Local newspaper editors raise new fears after Leveson
Local newspapers were fighting for their very lives even before Lord Leveson set out his recommendations for press regulation in the wake of the phone-hacking scandal.
The internet has not only deprived them of readers because of the rival attractions of local micro blogs, social networking sites and community e-journalists, it has also hit their once-lucrative classified ads.
Stoke-on-Trent is an area with a particularly powerful sense of its own identity. But even here, the circulation of the daily paper The Sentinel has plunged by almost half in 10 years: from an average daily readership of 78,878 in 2002 to 43,814 in 2012, according to the Audit Bureau of Circulations.
It's a similar story for local papers right across our region.

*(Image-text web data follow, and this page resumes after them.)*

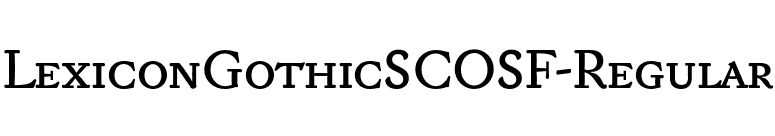 LexiconGothicSCOSF-Regular font preview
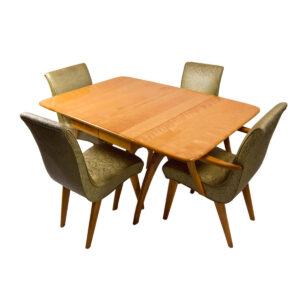 Set of 6 Heywood Wakefield Dining Chairs / Table Set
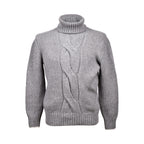 Maglione in cashmere grigio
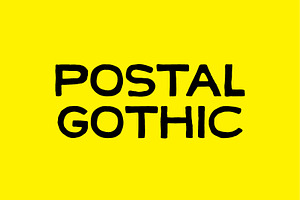 POSTAL GOTHIC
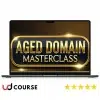 Greg Morrison Aged Domain Masterclass course cover showcasing SEO training on aged domains
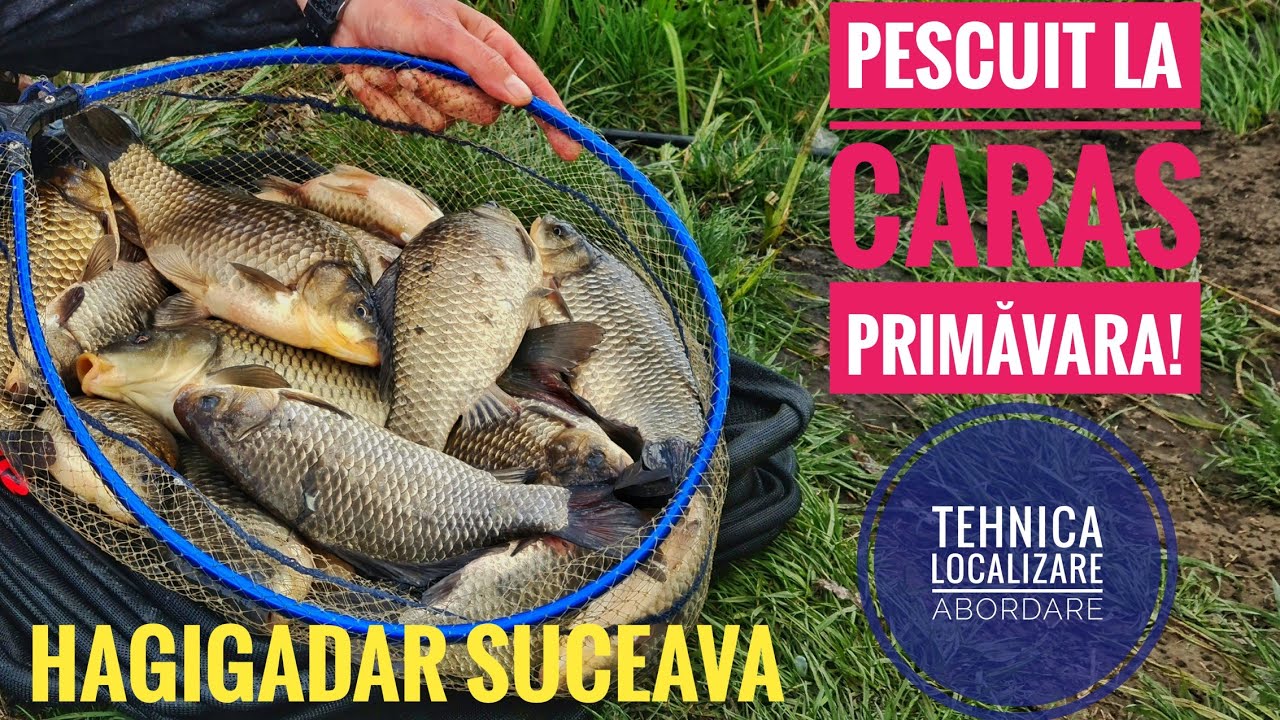 Pescuit la caras primăvara!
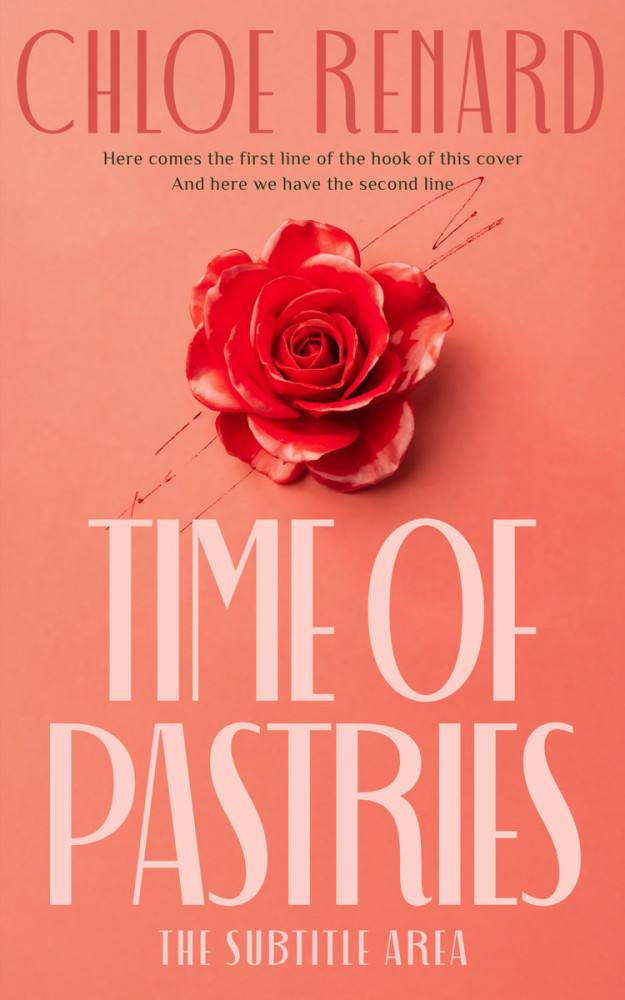 Front view of Apricot #16978 - Premade Romance Book Cover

So the possibility that Leveson could have a disproportionately heavy impact on them is just about the last thing the industry needs.

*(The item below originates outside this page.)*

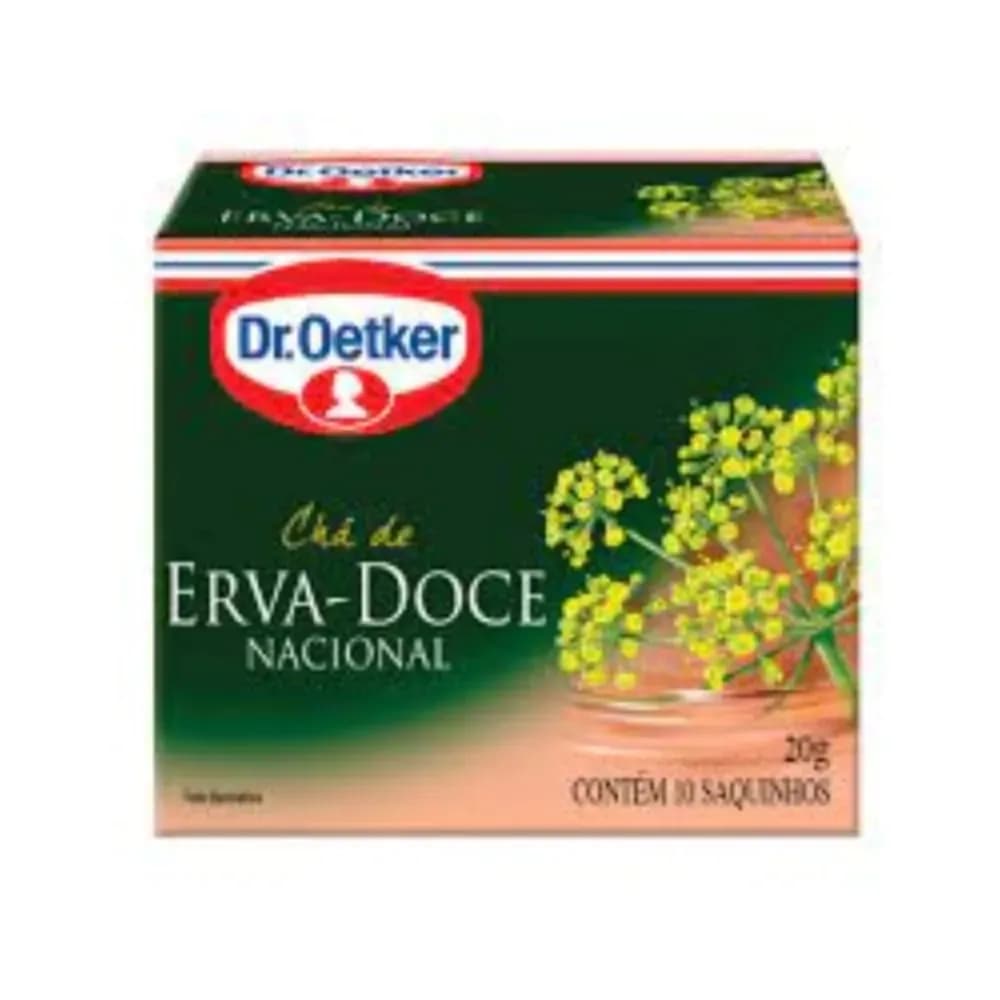 Cha erva doce nacional dr. oetker 20g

What is more, our local thunderers were largely innocent of the high-profile transgressions that dragged some of the national tabloids into disrepute.
Lord Leveson himself said: "Although accuracy and similar complaints are made against local newspapers, the criticisms of culture, practices and ethics of the press in this inquiry do not affect them. On the contrary, they have been much praised."

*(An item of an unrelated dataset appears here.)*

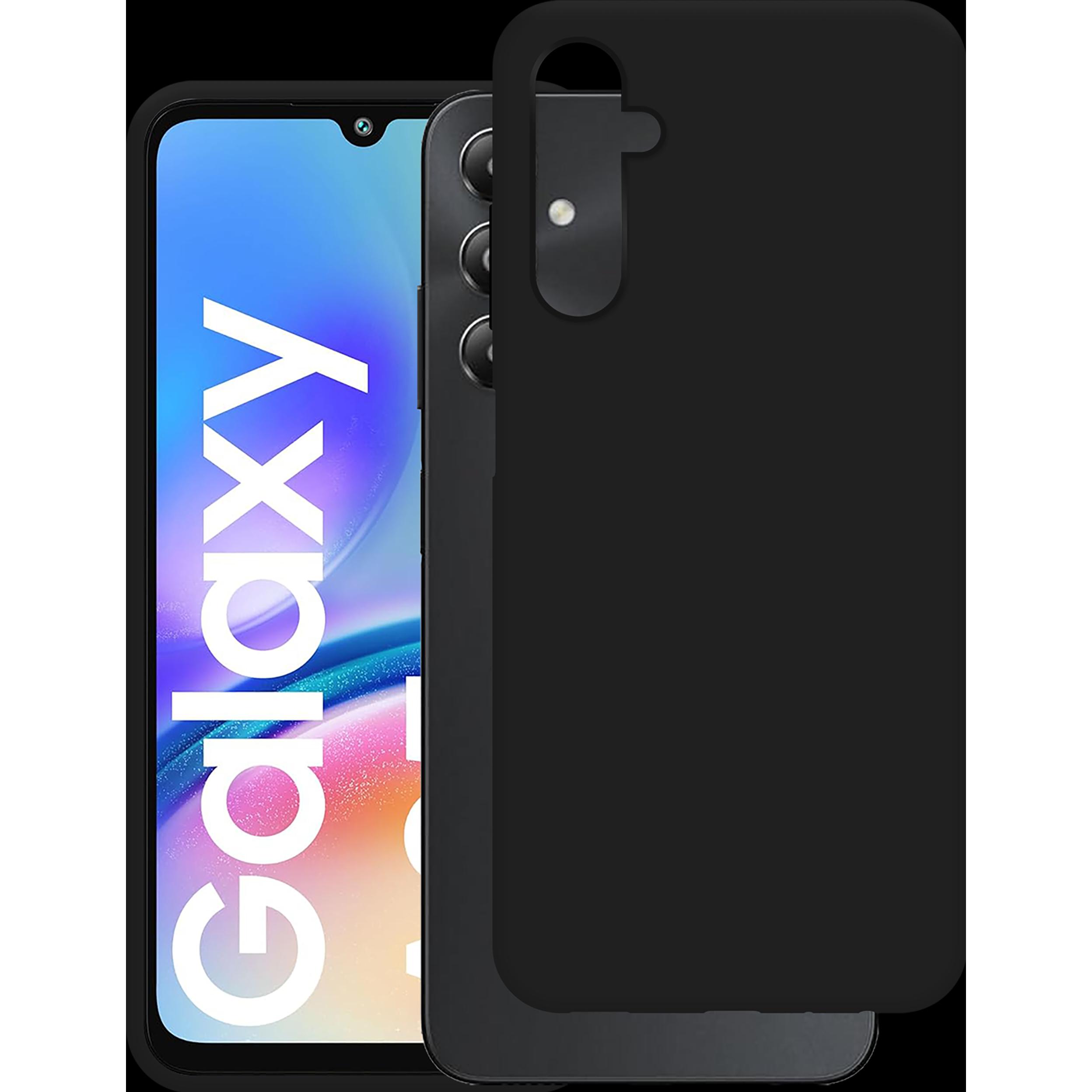 Cazy Silikon Hülle Kompatibel mit Samsung Galaxy A05s - Soft TPU Schutz - (Samsung Galaxy A05s), Smartphone Hülle, Schwa...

And yet, local newspapers would be no less subject than their national counterparts to scrutiny by the independent regulator proposed by the government after Leveson, which would have powers to impose fines of up to £1m.
So far, the debate has focused almost exclusively on the conduct and freedom of the national press. But in a recent editorial The Sentinel warned: "The fact that the new regulation may well bring expensive adjudication panels and time-consuming third-party complaints is equally frightening.
"In his infamous report last November, Lord Leveson wrote warmly about the important role local papers play at the heart of their communities. Unfortunately there appears to be little sign of fine actions to match the noble lord's fine words."
We'll have more on this in this weekend's Sunday Politics from 11:00 on BBC One Midlands on Sunday 7 July 2013.
Our BBC Stoke political reporter Phil McCann will be hearing the conflicting opinions of Richard Bowyer, the editor of The Sentinel, and Natalie Fenton from Hacked Off, whose campaign continues to exert a strong influence over public opinion - they say papers who have nothing to hide have nothing to fear.
In a world full of unintended consequences, let's leave the last word about local papers with Lord Leveson himself.
"Their demise would be a huge setback for communities [where they report on local politics, occurrences in the local courts, local sports and the like] and would be a real loss to our democracy."